Sign up to take part
Registered users can ask their own questions, contribute to discussions, and be part of the Community!
Added on April 2, 2025 4:19PM
Likes: 0
Replies: 5
My team uses Dataiku to write flows consisting mostly of SQL recipes with data stored on an Amazon Redshift server. I have noticed the odd behavior that ORDER BY clauses in SQL recipes do not seem to have any effect on the resulting Dataiku dataset. They do, however, still work inside SQL notebooks, which suggests that it's not a matter of my writing the ORDER BY clause incorrectly.
As a reproducible example, I uploaded the R demo dataset 'mtcars' to Dataiku and synced it to our Redshift server as a Redshift table. I run the following query:
SELECT gear, am, vs, cyl, mpg, wt
FROM "FOO_BAR_mtcars_rs"
ORDER BY gear, am, vs, cyl, mpg
Within a SQL notebook, this creates the anticipated ordering.

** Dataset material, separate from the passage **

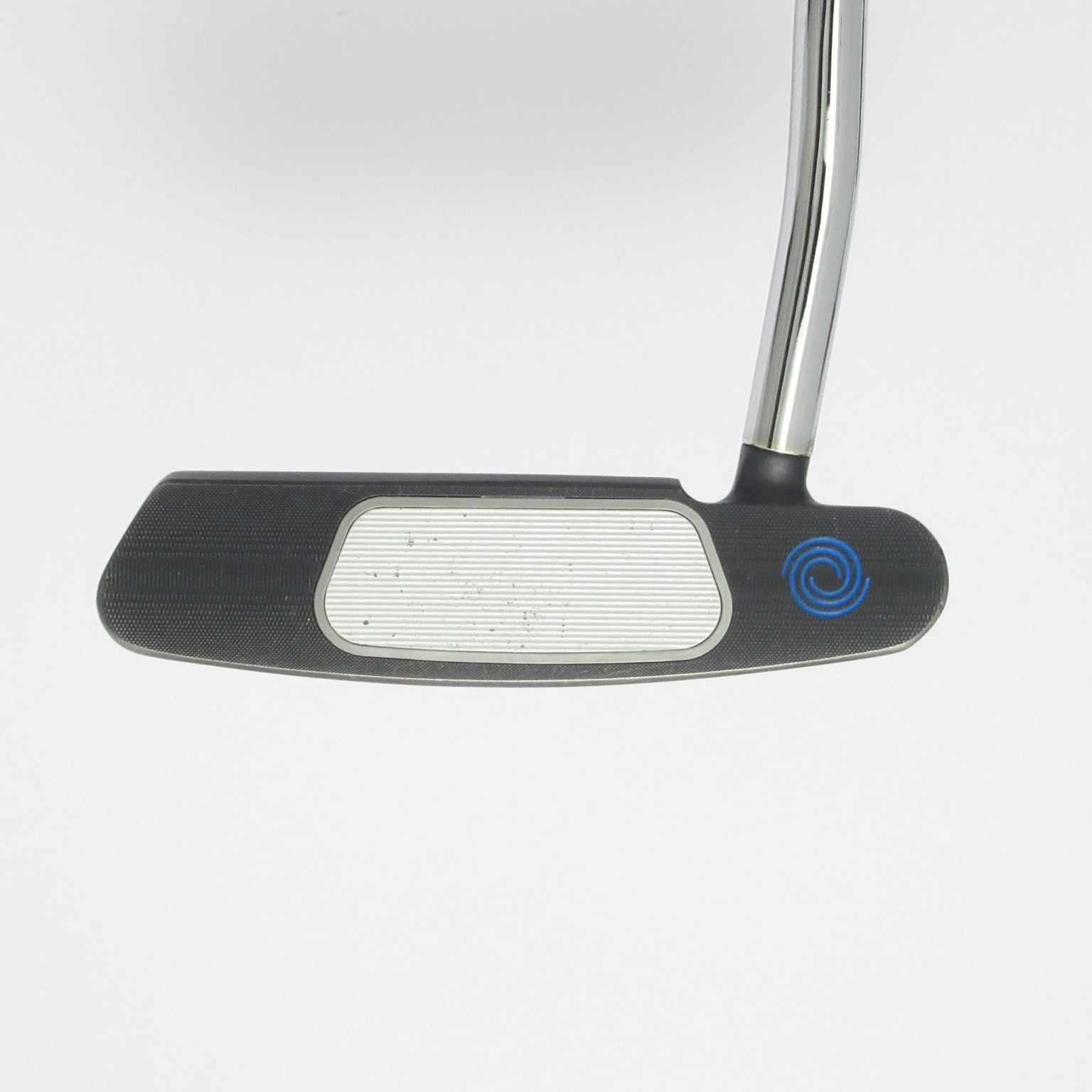 中古】Ai-ONE DOUBLE WIDE DB パター スチールシャフト 計測項目外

Within the flow, however, the resulting Redshift table does not have the anticipated ordering. In column "gear", values of 3 and 4 are interleaved, rather than all the 3s appearing, then the 4s. Within values of gear, columns am, vs, cyl, and mpg don't appear to have any meaningful ordering either.
Can anybody reproduce and explain this issue?
Operating system used: Windows
This is by design. The Dataset Explore tab allows you to sort the data but this doesn't work on the real data but a sample. The bigger question is why do you need the data sorted? Sorting is only usually needed needed for display purposes. Most recipes don't support sorting and SQL databases can't not guarantee the ordering of the data returned unless the order by clause is used.
I would like the data sorted because I then export it as a CSV or Excel file for an automated email report. It is inelegant for me or the users to have to download the report and sort it within Excel. Is there a different way I should be preparing a table for reporting via email attachment?
My preferred solution for that use case will be a Python recipe which will write the CSV or Excel file to a managed folder. Then I can send that in a Mail Reporter or Send Mail step. Are you looking for a code or no-code solution? Personally I much prefer the code solution here since I can customise the Excel file with a lot more features than the plain export you get from Dataiku.
I will use an R recipe to sort the data and save it to a managed folder, then. Thanks for explaining that the SQL is behaving as intended, however unexpected it was to me.
There is a Sort recipe as well but it's a bit useless unless output dataset technology supports storing / retrieving data ordered.